WORKING DATA section start
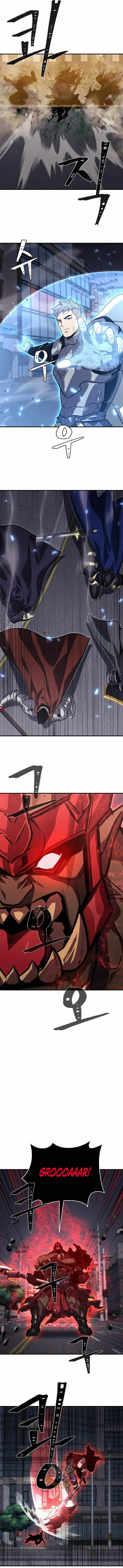Level 1 Player Chapter 159 page 8 - 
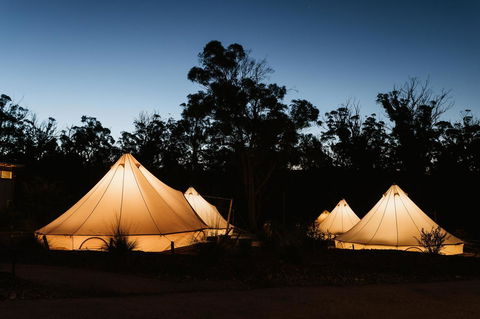Bay Of Fires Bush Retreat - Accommodation NSW 8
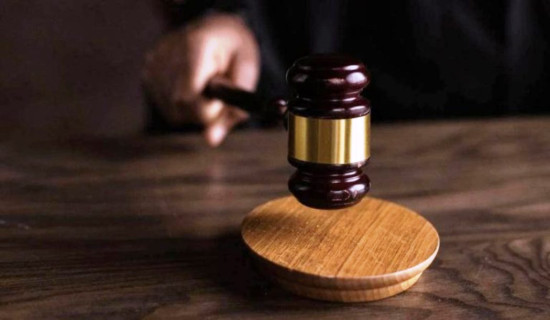 पूर्व राष्ट्रपति बोल्सोनारोको विद्रोह प्रकरणमा सात जनालाई लामो जेल सजाय
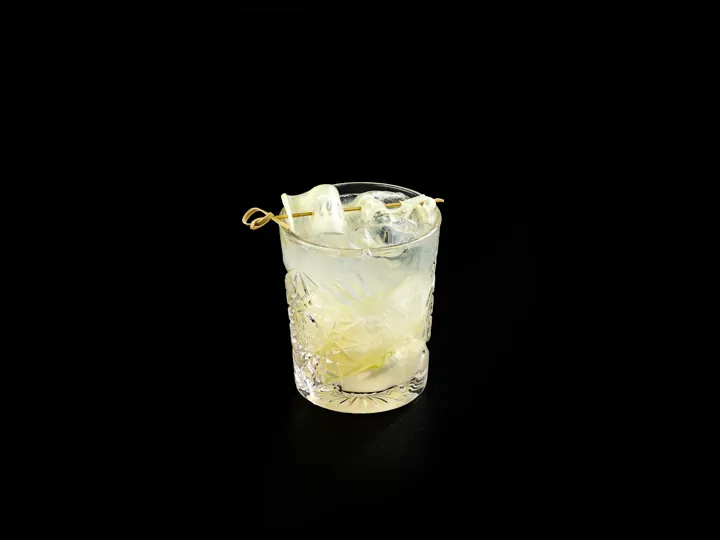 Gin cucumber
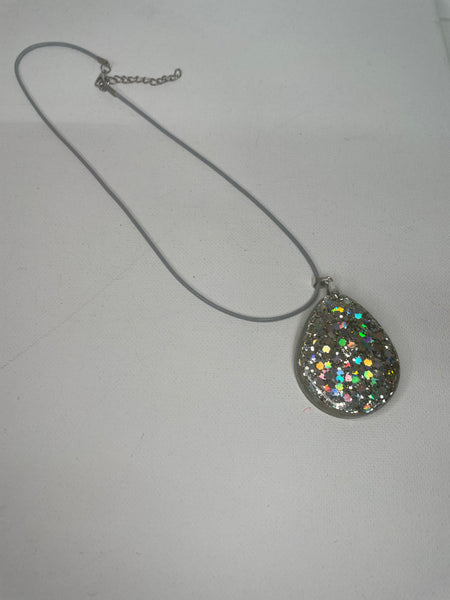 19"Color Chain Necklaces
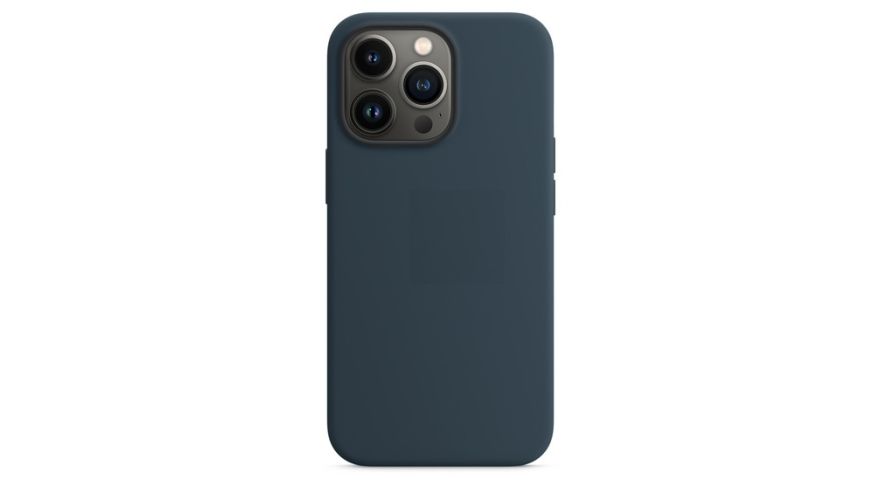 Купить Silicone case iPhone 13 Pro Max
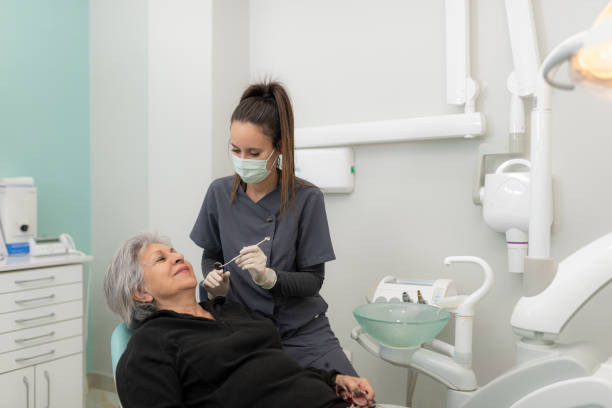Best Cosmetic Emergency Dentistry in Winters, CA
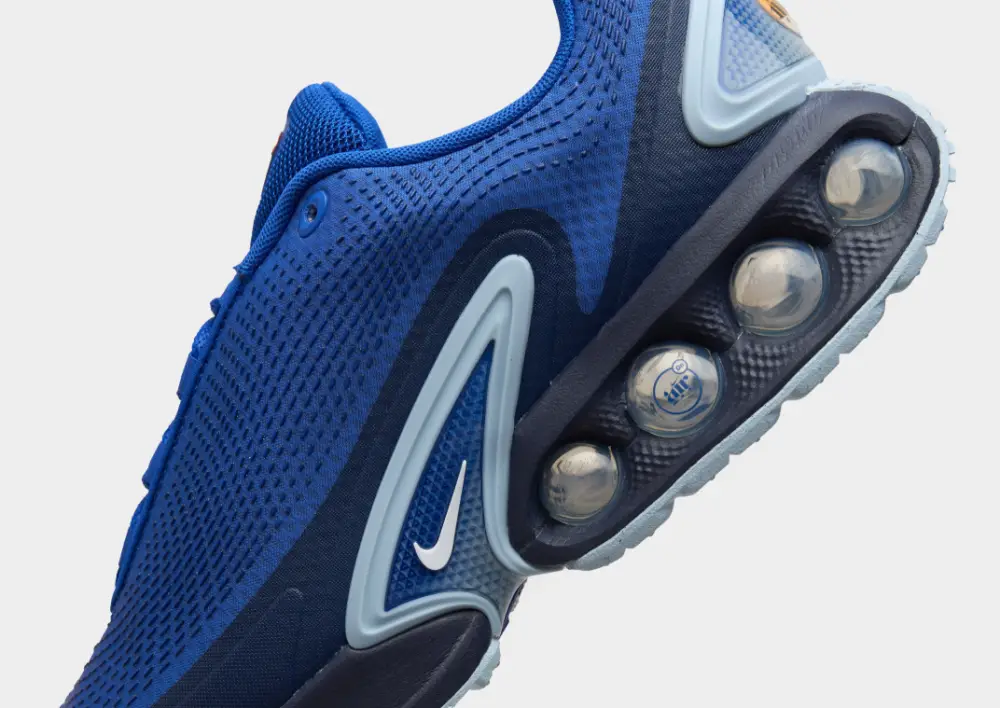 Nike Air Max Dn 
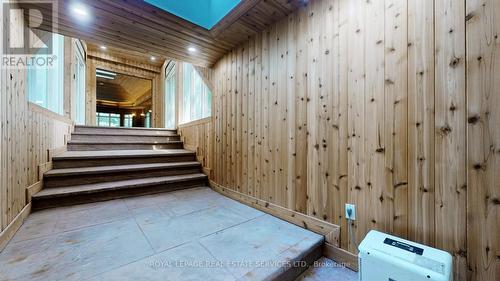 2416 Mississauga Road, Mississauga, ON - Indoor Photo Showing Other Room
WORKING DATA section end
▶ DESCRIPTION OF THE TASK
Repeat the data word for word; drop the pictures.

▶ OUTPUT OF THE TASK
Level 1 Player Chapter 159 page 8 - 
Bay Of Fires Bush Retreat - Accommodation NSW 8
 पूर्व राष्ट्रपति बोल्सोनारोको विद्रोह प्रकरणमा सात जनालाई लामो जेल सजाय
 Gin cucumber
 19"Color Chain Necklaces
 Купить Silicone case iPhone 13 Pro Max
Best Cosmetic Emergency Dentistry in Winters, CA
 Nike Air Max Dn 
 2416 Mississauga Road, Mississauga, ON - Indoor Photo Showing Other Room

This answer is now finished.